Governo inerme


Claro que não dá para comparar o horror do Rio de Janeiro com o massacre na Penitenciária de Bangu 1 com o que há, neste momento, no Paraná com os atos de rebelião na Polícia Militar promovidos pelas mulheres dos milicianos. Entre os dois um ponto em comum na ausência absoluta do princípio da autoridade que deve operar dialeticamente com o da liberdade para contê-lo e equilibrá-lo.
A justeza do movimento na Polícia Militar, inquestionável nos fundamentos até de urgência, não serve de respaldo para atos de motim, como os que voltaram a ser praticados. Mas o que se pode esperar de um governante que permitiu que sem-terra se concentrassem diante dos três poderes de Estado por meio ano?
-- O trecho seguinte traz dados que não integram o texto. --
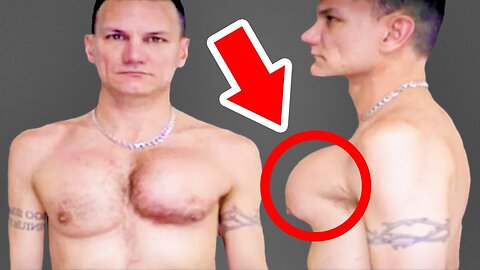 When Fake Muscles Go Wrong - Part 2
E também de alguém que não percebia o que se dava na área de segurança, entregue ao desfrute de políticos, ao ponto de ser impelido a destituir do secretário à cúpula da polícia civil em função da passagem, pelo Paraná, da CPI nacional.
Tenho sistematicamente me referido ao estado de anomia (o desaparecimento dos referenciais legais substituídos na marra por manifestações assembleísticas e de caráter alternativo como invasões de terras e prédios públicos), que tem função mais liberticida do que libertária, como acreditam os ingênuos ou mal intencionados do democratismo. O fato de o País ter vivido nos tempos de chumbo da ditadura militar um bloqueio às liberdades não justifica que agora estejamos diante do seu oposto como terapia. A cada ciclo de ruptura segue-se naturalmente, como a sociologia o demonstra, um período de acomodação. O que se dá hoje é o desprezo aberto à ordem legal e o ocorrido nos presídios já se constitui numa prova de que a malha da ilegalidade, da clandestinidade, naquilo que possa ter de pior, porque ligada ao narcotráfico, vale dizer o crime organizado, seperou de longe a do universo legal.
BIZARRICE Sensacional o comício do Lula em Curitiba. O problema agora é evitar que votem em Zezé Di Camargo e Luciano para presidente e vice.
AXIOMA Pelo menos nesse pleito não haverá caixa 2. Na área do governo, por exemplo, mal existe o caixa 1. A oposição ganha no Ibope e nas contribuições.
GLOSA Agora entendi o que os candidatos prometem: a flor ''copo de leite'' é que vai ser distribuída para a criançada.
EPIGRAMA Há candidatos e não são poucos que dão camisa para o eleitor. O que dá calcinhas é Alvaro Dias pelas mãos do Wando. Mais duas eleições com esse padrão e viramos uma Suécia.
FOLCLORE Lula fala sobre a angústia para os pais que é arrumar o primeiro emprego para os filhos. O cientista político Eduardo Schneider sugere que o próprio candidato tem uma solução em família: sua filha, Lurian, é assessora de imprensa da Prefeitura de Blumenau, coincidentemente petista.
CROMO Quando meu neto mais novo, o Ângelo, nasceu, minha filha, coxa-branca fanática, providenciou um enxoval do Coritiba uniforme completo, gorro etc para condicionar o afilhado. Um dia fomos visitá-lo e ele, mesmo de camisa coxa, começou a cantar, balbuciado ''Meu Paraná, meu tricolor''. Tinha sido cooptado pelo outro avô, Antonio Lazarotto, paranista .
AFORÍSTICO Agora aquelas expressões grafitadas em privadas de rodoviária e de boteco vão fazer o cotidiano da campanha cívica. A diferença será o odor que essas não terão e do qual aquelas mais autênticas não se livram nem com litros de produtos do Boticário.
VINHETA Façamos um concurso: qual dos candidatos ao governo é mais brega? Mesmo os que se dizem de briga não passam de brega. Promessas calhordas os igualam e o que os diferencia é a distribuição de calcinhas. Pelo menos é mais concreta do que o leite imaginário.
SCAPS Aí o animador do comício, calcinhas e maçãs a mão, deu o grito: e agora a maçã Gala (variedade nacional) para as não galinhas.